• Exercise details
Taking the data below, please print only the lines from the line holding "文化路小学：红色基因薪火传，榜样力量润童心" to the line holding "I Segreti delle Api - Immagini dal set", inclusive, with pictures omitted.

Entries taken from a collection
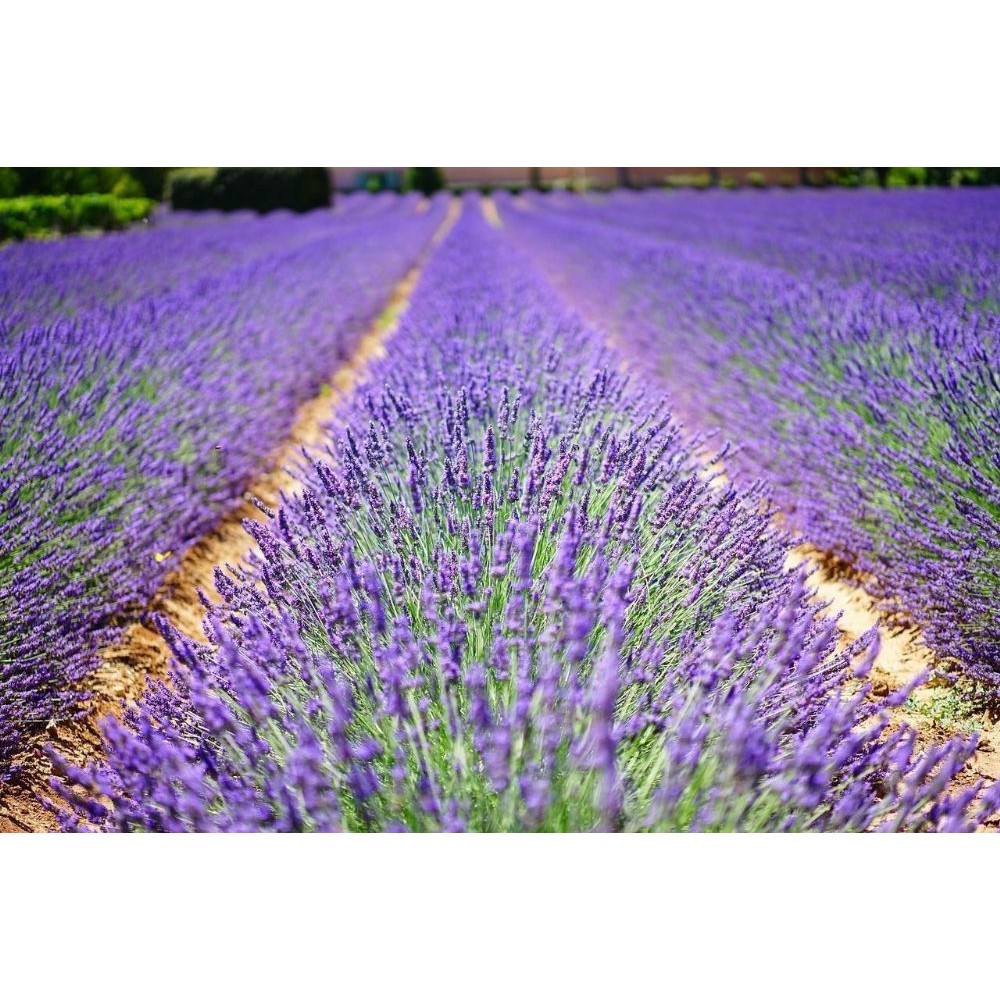 Benih Bibit Biji - Bunga English Lavender (Lavandula Angustifolia) Seeds - IMPORT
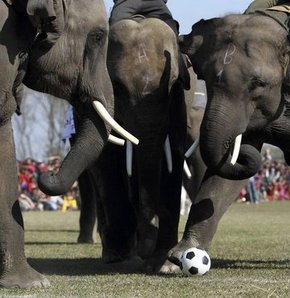 Filler yarıştı, futbol oynadı! GALERİ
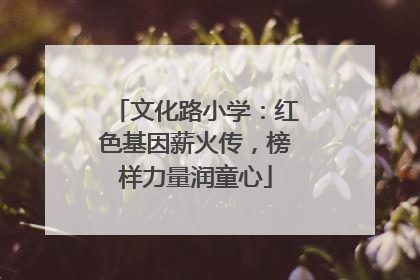 文化路小学：红色基因薪火传，榜样力量润童心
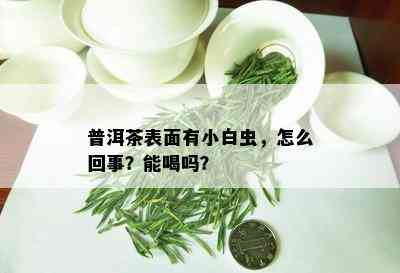 普洱茶表面有小白虫，怎么回事？能喝吗？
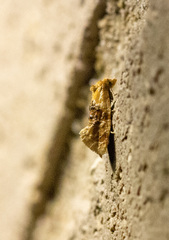Cochylis bucera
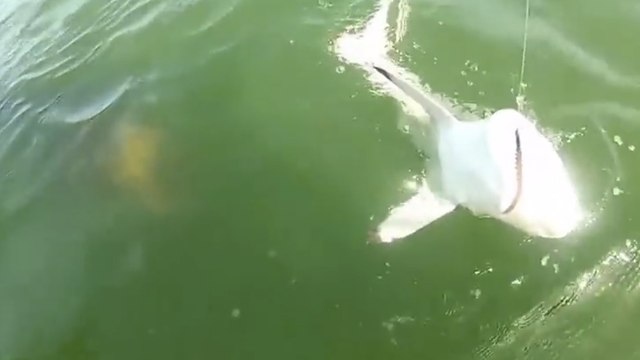 Ce pêcheur croyait réussir la prise de sa vie. Mais il ne s'attendait pas à ce qui va suivre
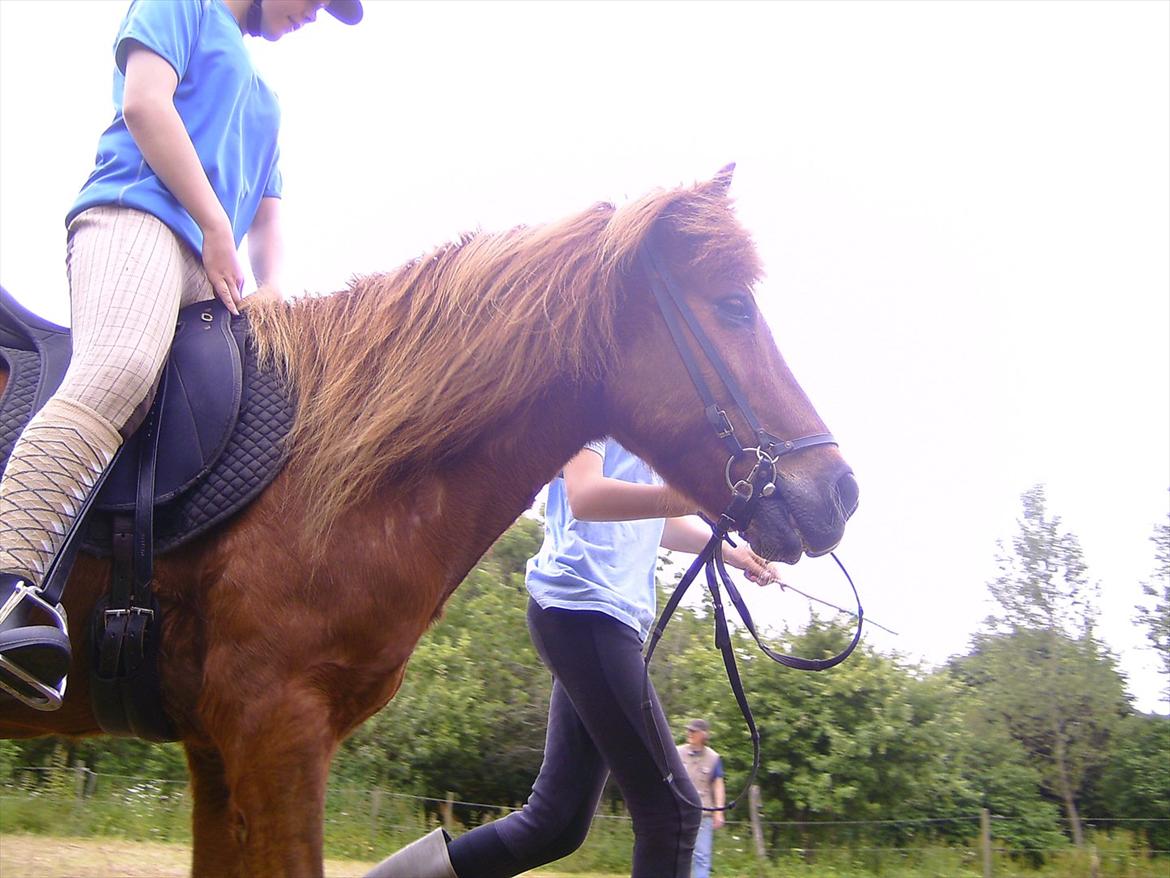 Ridelejre hos Mette Hald Ramussen billede 87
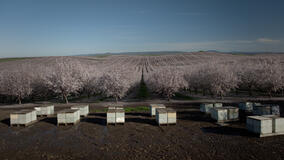 I Segreti delle Api - Immagini dal set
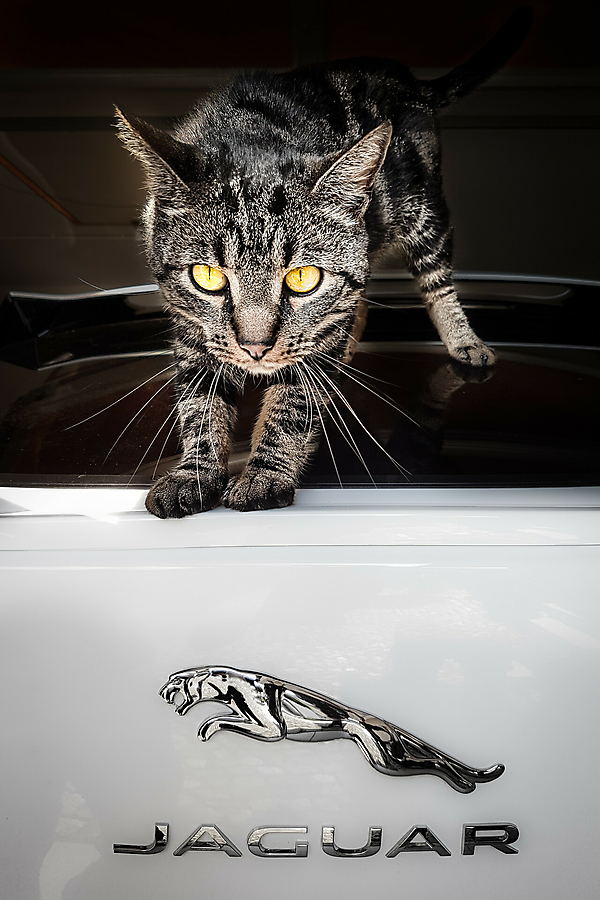 4platz jaguarkaetzche hermann 20210818 1202027195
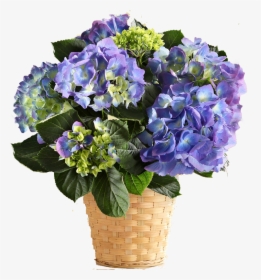 Hydrangeas In India, HD Png Download, Free Download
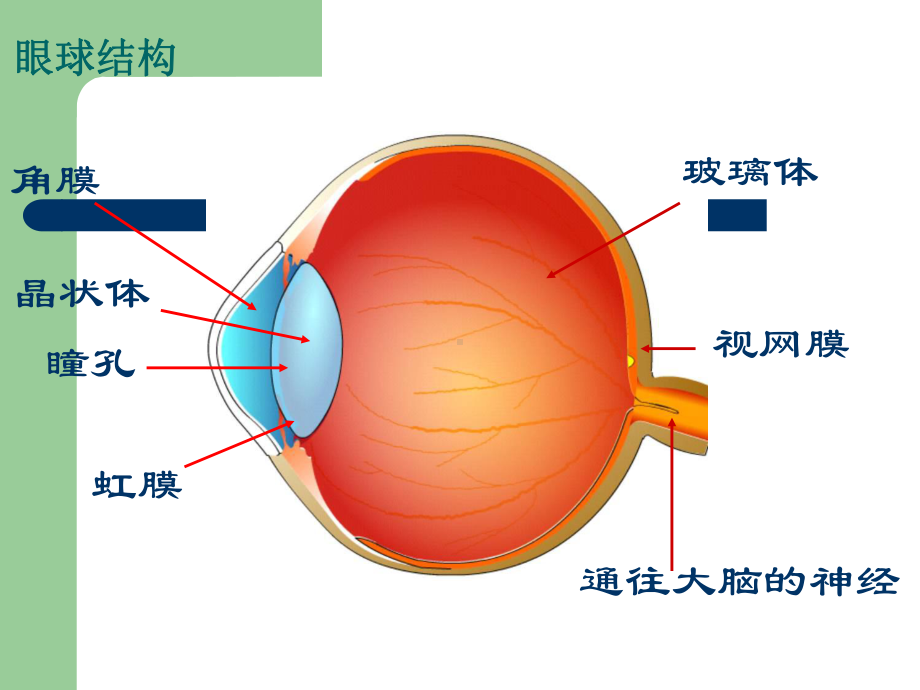 预防近视主题班会ppt课件.pptx_第3页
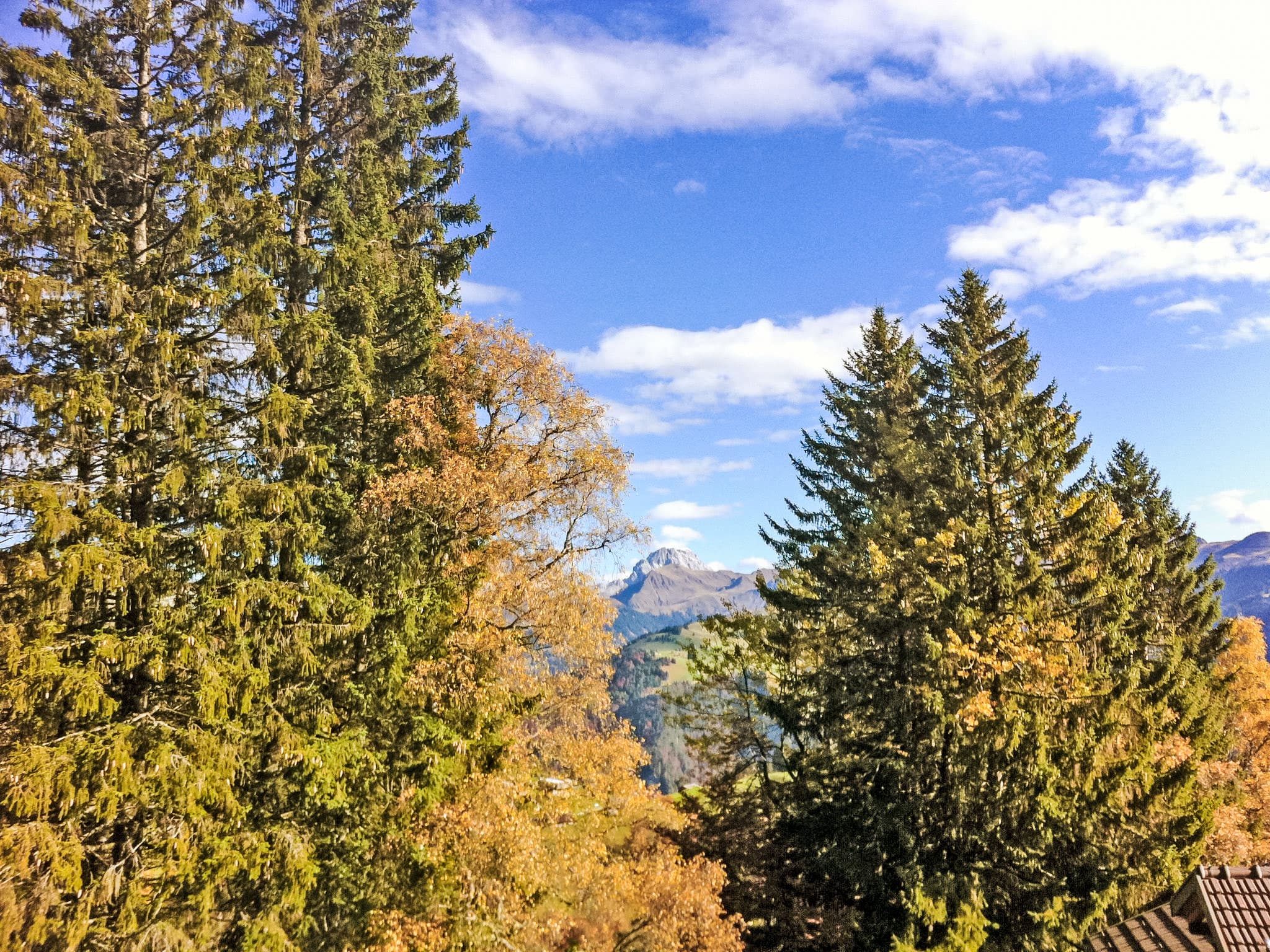 View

• Answer for the task
 文化路小学：红色基因薪火传，榜样力量润童心
 普洱茶表面有小白虫，怎么回事？能喝吗？
Cochylis bucera
 Ce pêcheur croyait réussir la prise de sa vie. Mais il ne s'attendait pas à ce qui va suivre
 Ridelejre hos Mette Hald Ramussen billede 87
 I Segreti delle Api - Immagini dal set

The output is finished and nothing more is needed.